Conflict leads to displacement of people, who are more difficult to track and may slip through the monitoring of the HIV cascades [40]. This may skew the data, as the impact that conflict has upon people living with HIV would be underestimated. Additionally economic migration can have a detrimental impact on HIV coverage [41]. Globally, GPI has slightly increased since records began and there has been a recent marked rise in the number of externally displaced people and even more so, internally displaced people [27]. Other researchers have found that conflict did not directly increase HIV incidence or HIV prevalence in specific communities of displaced people in sub-Saharan Africa [42]. It was found in Kenya that a healthcare system without a back-up plan in case of an emergency/conflict, was more likely to struggle to provide HIV care [43]. Médecins Sans Frontières also found that HIV service provision in areas of conflict and post-conflict can be effective, as long as planning and effective responses are co-ordinated [44]. Refugees and migrants living with HIV may be less likely to be diagnosed, linked to care, on ART and virally suppressed [40], and may unfairly receive lower-quality care, and have comorbidities such as PTSD [45]. Displaced people are generally at a higher risk of HIV than non-displaced people; however, it is a common stigmatising misconception that refugees increase HIV rates in host communities [45,46]. Despite better stage definitions, national cascades continue to be heterogeneous and lack standardisation [28] making comparison difficult [12,28]. Most available cascade data were cross-sectional rather than longitudinal showing just a snapshot in time.
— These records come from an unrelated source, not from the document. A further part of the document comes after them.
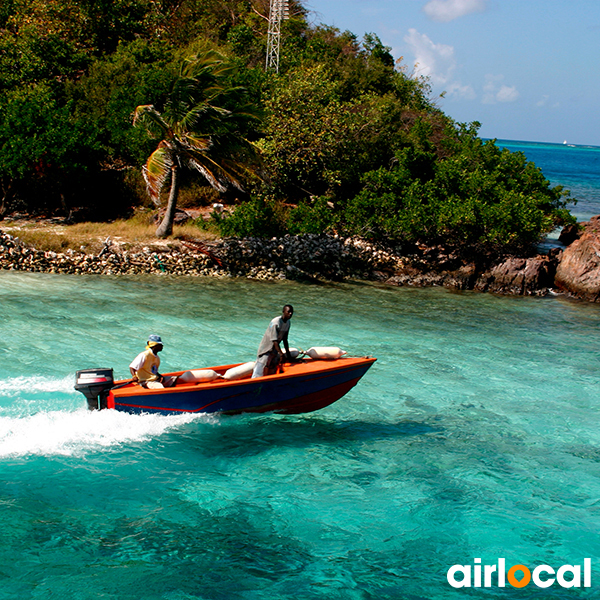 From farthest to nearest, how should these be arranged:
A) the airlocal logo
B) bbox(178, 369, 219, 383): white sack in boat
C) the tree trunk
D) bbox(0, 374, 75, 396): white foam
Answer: the tree trunk
bbox(0, 374, 75, 396): white foam
bbox(178, 369, 219, 383): white sack in boat
the airlocal logo

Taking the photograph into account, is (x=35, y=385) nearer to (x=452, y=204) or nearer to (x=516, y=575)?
(x=516, y=575)

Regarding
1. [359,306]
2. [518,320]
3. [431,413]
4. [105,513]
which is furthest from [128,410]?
[518,320]

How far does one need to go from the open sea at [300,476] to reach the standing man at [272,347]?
1.22 metres

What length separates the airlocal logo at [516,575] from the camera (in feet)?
22.2

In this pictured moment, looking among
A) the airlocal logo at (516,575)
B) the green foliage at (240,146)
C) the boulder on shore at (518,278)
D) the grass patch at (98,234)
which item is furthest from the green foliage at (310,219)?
the airlocal logo at (516,575)

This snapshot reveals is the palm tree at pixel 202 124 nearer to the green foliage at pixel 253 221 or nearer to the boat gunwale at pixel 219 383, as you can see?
the green foliage at pixel 253 221

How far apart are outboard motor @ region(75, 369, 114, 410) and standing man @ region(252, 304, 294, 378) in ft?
7.83

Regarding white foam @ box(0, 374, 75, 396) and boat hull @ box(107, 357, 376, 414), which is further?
white foam @ box(0, 374, 75, 396)

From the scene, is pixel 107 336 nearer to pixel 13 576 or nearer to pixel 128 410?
pixel 128 410

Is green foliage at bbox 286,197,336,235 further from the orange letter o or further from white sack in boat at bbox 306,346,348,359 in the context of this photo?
the orange letter o

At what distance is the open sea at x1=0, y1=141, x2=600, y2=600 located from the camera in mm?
6633

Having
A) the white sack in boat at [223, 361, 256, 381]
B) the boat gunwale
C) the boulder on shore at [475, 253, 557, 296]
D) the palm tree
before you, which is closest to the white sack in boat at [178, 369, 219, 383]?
the boat gunwale

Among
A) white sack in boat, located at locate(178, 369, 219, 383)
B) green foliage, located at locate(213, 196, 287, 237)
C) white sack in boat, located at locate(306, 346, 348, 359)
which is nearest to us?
white sack in boat, located at locate(178, 369, 219, 383)

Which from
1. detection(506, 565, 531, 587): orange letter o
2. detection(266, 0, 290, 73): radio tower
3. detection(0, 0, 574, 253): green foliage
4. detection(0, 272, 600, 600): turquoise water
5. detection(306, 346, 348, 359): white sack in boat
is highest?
detection(266, 0, 290, 73): radio tower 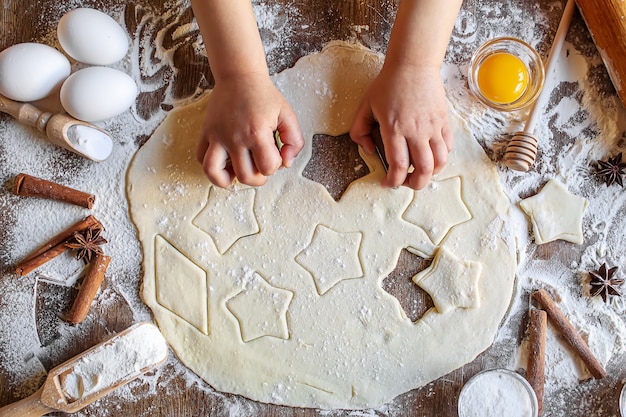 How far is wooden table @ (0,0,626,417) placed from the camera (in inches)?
40.8

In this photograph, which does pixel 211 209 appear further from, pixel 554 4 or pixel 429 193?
pixel 554 4

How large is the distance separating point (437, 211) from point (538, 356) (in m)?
0.33

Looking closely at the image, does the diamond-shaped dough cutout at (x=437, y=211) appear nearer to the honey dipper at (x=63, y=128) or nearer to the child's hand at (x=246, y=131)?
the child's hand at (x=246, y=131)

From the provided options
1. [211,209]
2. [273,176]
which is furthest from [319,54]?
[211,209]

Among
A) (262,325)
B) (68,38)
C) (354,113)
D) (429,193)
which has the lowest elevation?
(262,325)

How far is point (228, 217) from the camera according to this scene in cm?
104

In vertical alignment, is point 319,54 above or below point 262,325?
above

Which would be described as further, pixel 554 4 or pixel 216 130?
pixel 554 4

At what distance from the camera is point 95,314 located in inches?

Longitudinal data is more realistic as it shows change over time as people flow between different cascade stages, which was a limitation in this study. Another limitation was that neither CPI nor GPI show the full picture, as some types of corruption or conflict will be more damaging to the HIV cascade than others. GPI scores only include violence variables where reliable data were available. Factors excluded from analysis included: domestic violence, household out-of-pocket spending on safety and security, the cost of crime to business, intimate partner violence, self-directed violence, and cost of intelligence agencies and judicial system expenditures [27]. These excluded factors may increase stigma or provide structural barriers to accessing care and further affect the HIV cascade.

Conclusion

Higher ART coverage was associated with higher GDP/capita, higher HIV prevalence, lower corruption levels and lower conflict levels. Many countries with a low HIV prevalence need to increase rates of HIV diagnosis, treatment and viral suppression. Therefore, current global strategies prioritising high-prevalence areas may leave behind key populations. We have identified a potential threshold of conflict and CPI – below which ART coverage is significantly impaired. Some countries are not reaching targets for ART coverage due to conflict or low GDP, while others may be struggling due to corruption; however, these factors are interrelated. Reaching the 90-90-90 target is possible, although more research is urgently needed to assess the impact that ART coverage, corruption and conflict and other factors are having upon incidence.